Avec Frère d’âme, David Diop rend hommage aux combattants africains morts dans les tranchées. Et signe un magnifique roman sur la sauvagerie humaine, salué par le Goncourt des lycéens. Entretien.
D’où vous est venue l’idée, l’envie, d’écrire Frère d’âme ?
• David Diop. De la lecture de lettres de poilus publiées par l’historien Jean-Pierre Guéno. Elles sont poignantes et témoignent souvent d’une cruelle intimité avec la guerre chez des jeunes gens qui vont mourir dans les heures ou les jours qui suivent leur écriture. Quand leurs familles les reçoivent, ces jeunes gens sont déjà morts, alors qu’ils espéraient survivre. Je me suis demandé alors s’il existait des lettres écrites par des tirailleurs sénégalais. Les historiens affirment que les rares courriers des tirailleurs sont de nature administrative. J’ai pensé que, dans les effets des tirailleurs rassemblés au Mali et dont parle Ahmadou Hampâté Ba dans Amkoullel, l’enfant peul, je pourrais en trouver. Le recours à la fiction, l’écriture, non pas d’une lettre, mais d’une introspection, m’a semblé un bon moyen pour retrouver cette intensité du récit de guerre. Cette introspection est celle d’un tirailleur sénégalais, un paysan, jeté avec son ami, son plus que frère, dans l’enfer d’une « guerre usinière », comme l’écrit Blaise Cendrars. Ce roman est- il une façon de rendre hommage aux tirailleurs sénégalais et aux anciens combattants africains ?

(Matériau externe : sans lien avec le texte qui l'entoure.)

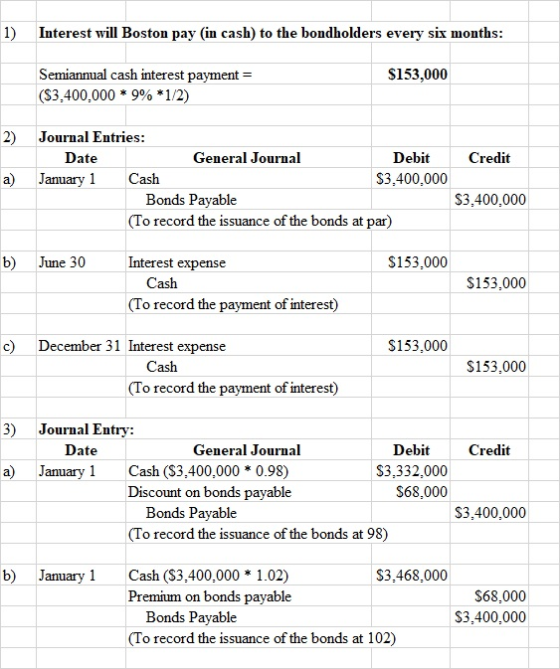1) Interest will Boston pay in cash) to the bondholders every six months: $153,000 Semiannual cash interest payment = ($3,400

• D.D. Oui, d’une certaine façon. Les uns sont partis à la guerre de leur propre gré pour sauver la « mère patrie ». Les autres ont été enrôlés contre leur volonté. Ce sont de jeunes gens qui ont fait preuve d’un grand courage et qui, généralement, n’ont pas été assez remerciés pour les sacrifices qu’ils ont consentis. Il faut se souvenir du contexte de la venue de ces tirailleurs sénégalais en France, où le principe humaniste de la Déclaration des droits de l’homme et du citoyen, selon lequel tous les hommes naissent libres et égaux en droit, est contredit par le fonctionnement même d’un empire colonial inégalitaire par nature. Vous utilisez le mot dëmm – « dévoreur d’âmes » en wolof – dans votre livre. Pourquoi cette dimension de sorcellerie dans votre récit ?
• D.D. Ce mot est relatif à un contexte culturel différent de celui des Français. Le dëmm, dans la culture wolof, est le dévoreur d’âme, celui ou celle qui vous mange l’intérieur, qui vous veut du mal et qui peut vous tuer, entre autres moyens mystiques, par le pouvoir des mots. Dans le contexte absolument effrayant du front, où les soldats noirs et blancs sont promis à une mort certaine et le savent, dans le maelström de terreur où ils sont pris, ils cherchent des causes rationnelles à leur mort à venir. Au lieu de s’en prendre à la guerre, ils s’en prennent à un homme qui a trop de chance, qui revient toujours sain et sauf dans la tranchée. Pour eux, cet homme est un « copain de la mort ». Dès lors, il devient tabou. Dans leur effort de trouver une explication rationnelle à tout, les soldats prisonniers d’une guerre absurde tombent dans l’irrationnel, qu’ils soient noirs ou blancs. Enfin, avez-vous d’autres passions que l’écriture ? • D.D. La marche est l’une de mes passions. Je réfléchis mieux en marchant. Je pense que je la dois à mes lointains ancêtres peuls.